Deny, Deny … Even After They Die

The following is a personal story submitted to Civilian Exposure and published as part of our new series: “Contamination Chronicles: Personal Stories of Exposure”. If you would like to submit your story, you may fill out our form here or send directly via email to [email protected]

My husband passed away on February 9, 2105 from this third battle with cancer. He was a Marine stationed at Camp Lejeune from 1965 through 1969 and served 13 months at Camp Hansen, Okinawa.

He was trained as a heavy equipment mechanic during his service and worked this job on base as well as Camp Hansen. His first cancer we rectal, second cancer was melanoma on the palm of his hand and the third cancer was small cell lung cancer which he perished from. He also was diagnosed with cardiovascular disease and had 10 stents in his body over the course of 15 years.

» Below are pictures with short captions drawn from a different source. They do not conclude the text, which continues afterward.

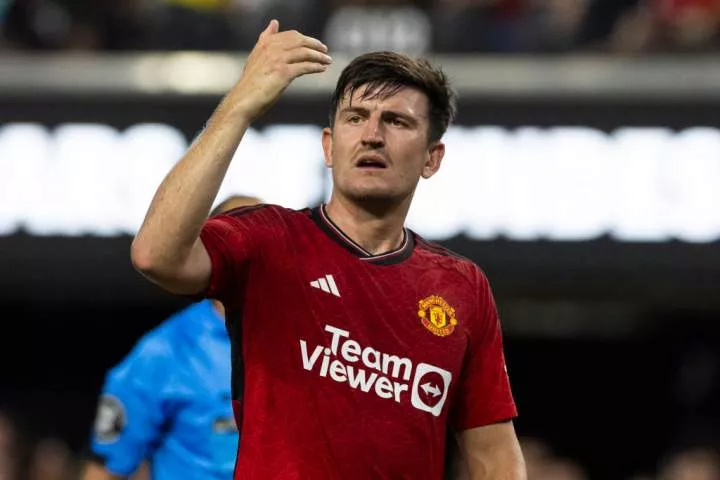 Lisandro Martinez tells Andre Onana to keep slamming Man Utd defenders after Harry Maguire incident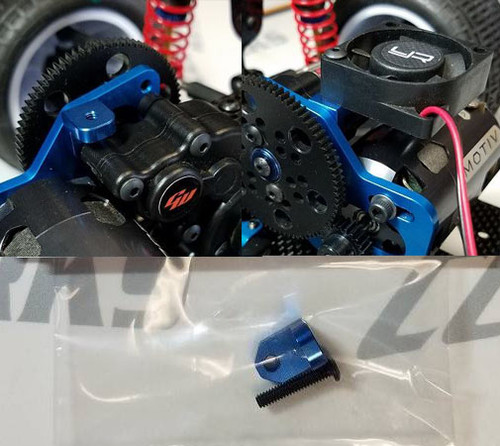COOLING FAN MOUNT for TRANSMISSION CARS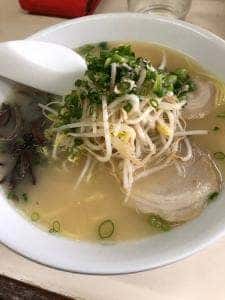 一休ラーメン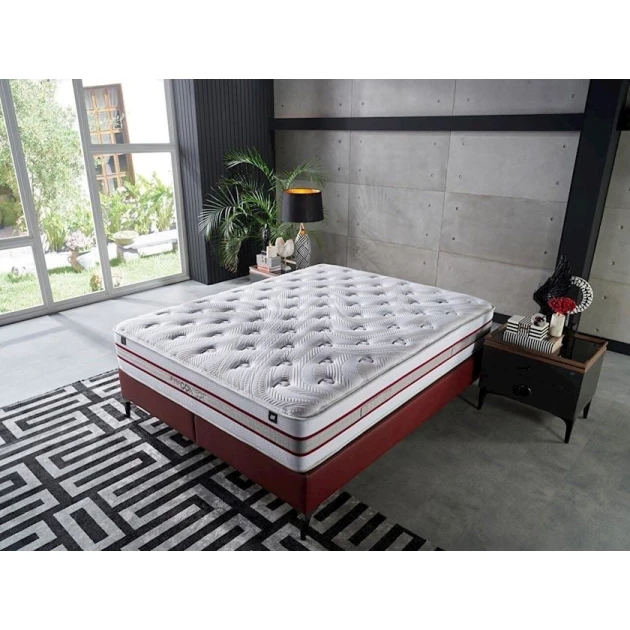 Матрас Istikbal Sleep Connect, 100x200x32 см, белый Матрас Istikbal Sleep Connect, 100x200x32 см, белый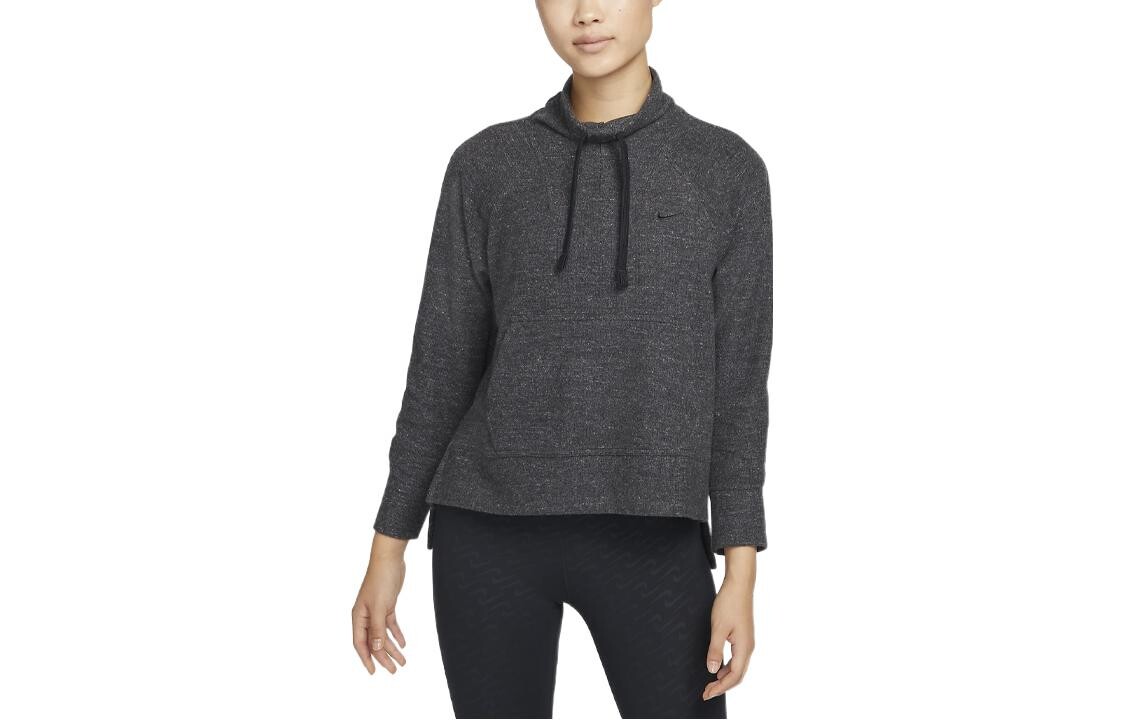 Женская толстовка Nike, цвет Black
Женская толстовка Nike, цвет Black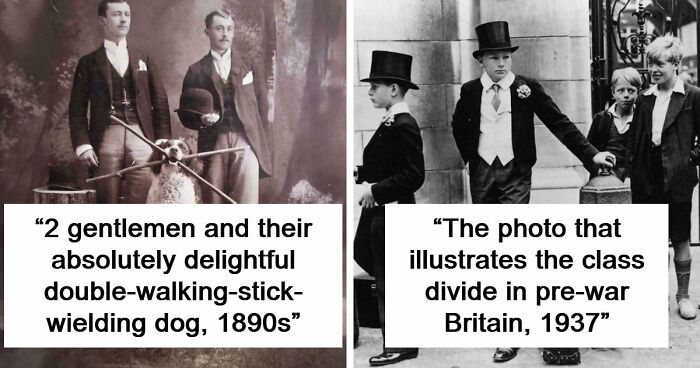 61 Historical Photos That Remind Us Of The Days We Will Never Be Able To Experience (New Pics)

When we found that the water was contaminated at Lejeune, we applied for help under the conditions that were set forth by the Marine Corps. He was repeatedly denied compensation. He was treated by civilian doctors and the VA over the period of his illnesses. Each cancer was determined to be very rare for a man of his age. Denial of every illness was forthcoming from the VA.

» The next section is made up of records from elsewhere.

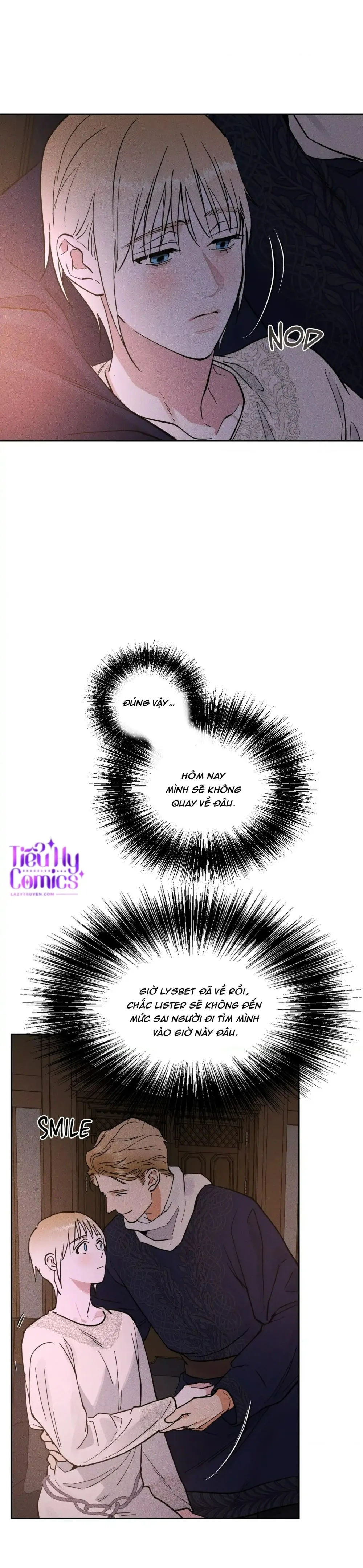 Giải Độc Dược - Chap 58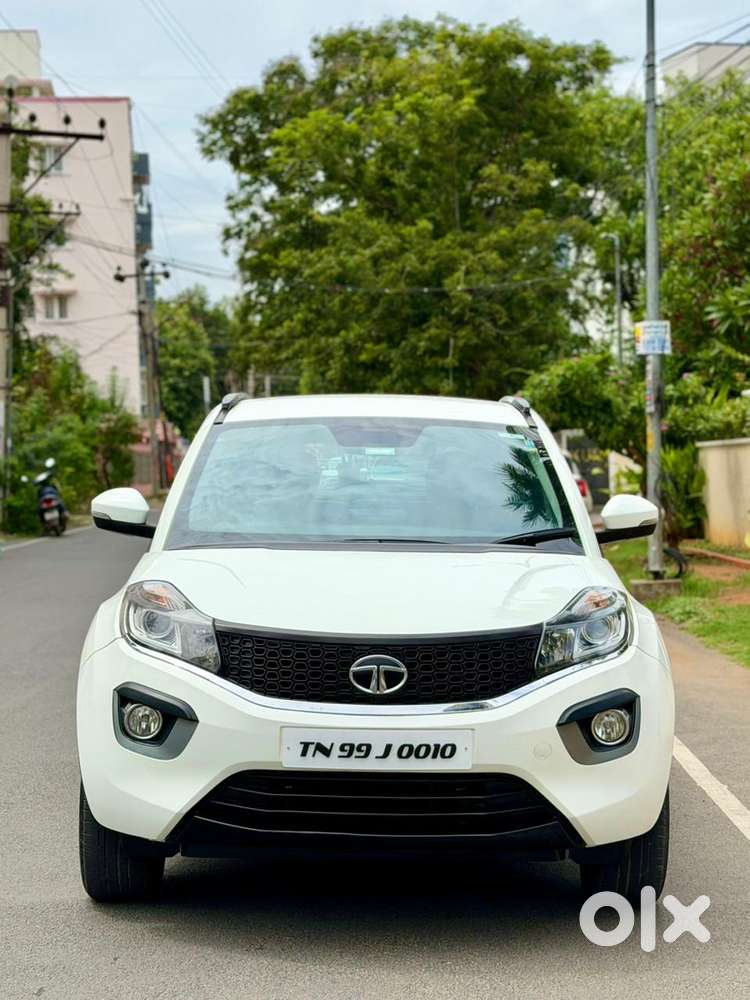Tata Nexon 1.5 Revotorq Xz Plus, 2017, Diesel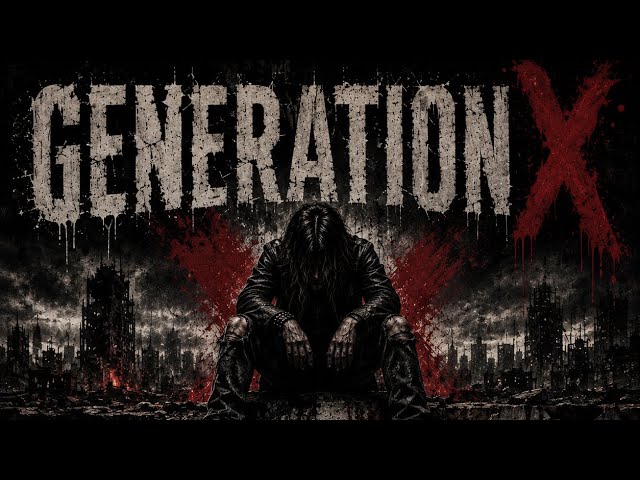 🤘Generation X🤘| We Survived Everything (Offical Audio)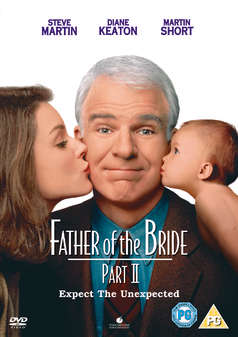 Father of the Bride 2 (Steve Martin, Diane Keaton) (DVD)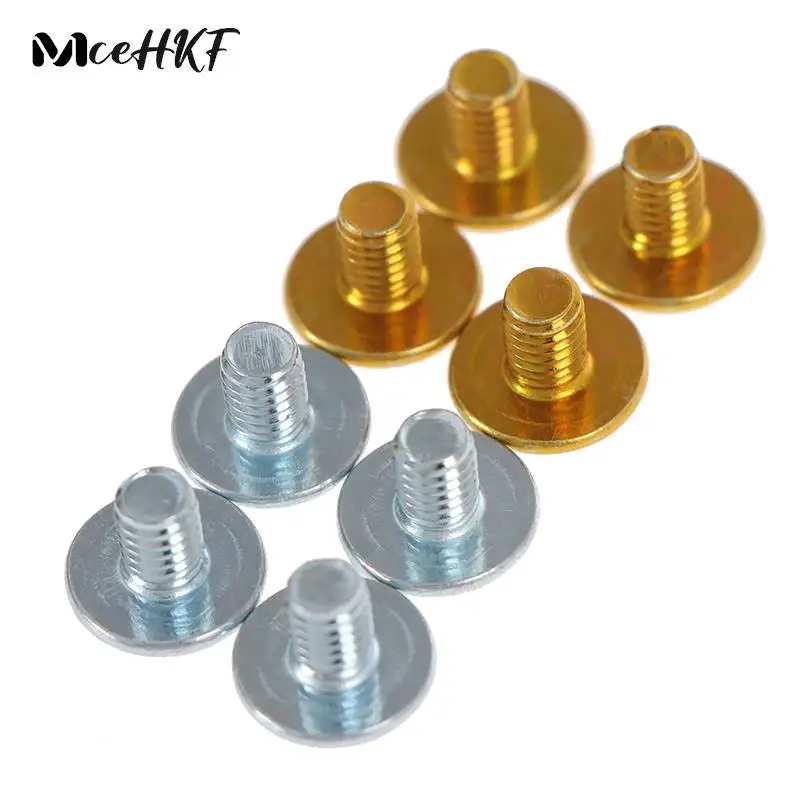 

10pcs Hair Clipper Replacement Screws For 8148 Bit Screw Fixed Bit Screw Suite For Two Hole Knife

Now I am a widow. I am trying to pursue his compensation as I have nothing left because he could not get any type of insurance to compensate for his illnesses. I know in my heart that this man, my husband of 49 years, was poisoned by the Marine Corps. They denied compensation and waited for him to die, like many other Marines that served their country.

They covered up the risks of what he was exposed to both at Camp Lejeune and at Camp Hansen.

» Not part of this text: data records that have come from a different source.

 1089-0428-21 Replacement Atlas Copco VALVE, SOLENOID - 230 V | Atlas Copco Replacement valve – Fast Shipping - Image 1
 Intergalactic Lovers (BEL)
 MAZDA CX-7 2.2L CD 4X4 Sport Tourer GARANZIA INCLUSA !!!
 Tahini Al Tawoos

He was exposed to the chemicals and drank the water. While in Okinawa, he was exposed to Agent Orange that covered the equipment coming out of Vietnam. He told me that most of this equipment was covered with vegetation and mud and he once found a live hand grenade in a piece of equipment that the men worked on. This equipment was not washed down in any form prior to being delivered to Camp Hansen.

When the equipment arrived at the base, the men were given a pressure washer to clean this equipment. They were not given any type of protection to shield them from the sprayer that they used to wash off of the contamination on the equipment. The men were covered with the mud and vegetation and this was a daily activity for thirteen months.

I am devastated, tired and have given up as he/we have received denial after denial for the past seven years from the U.S. Marine Corps. They have found every excuse that they can come up with to deny my husband, me and my family any type of compensation. A secret that they refuse to acknowledge that this had anything to do with his exposure to the water, agent orange or any other toxic substance that these men were exposed to during their service.

The latest denial came to me two months after he passed away. He suffered unbelievable hardships, pain and eventually died in my arms with his children surrounding him.


Note from the Editor: The author currently resides in Florida. The account/editorial is verbatim from the author without edit, with only the omission of their name to preserve anonymity.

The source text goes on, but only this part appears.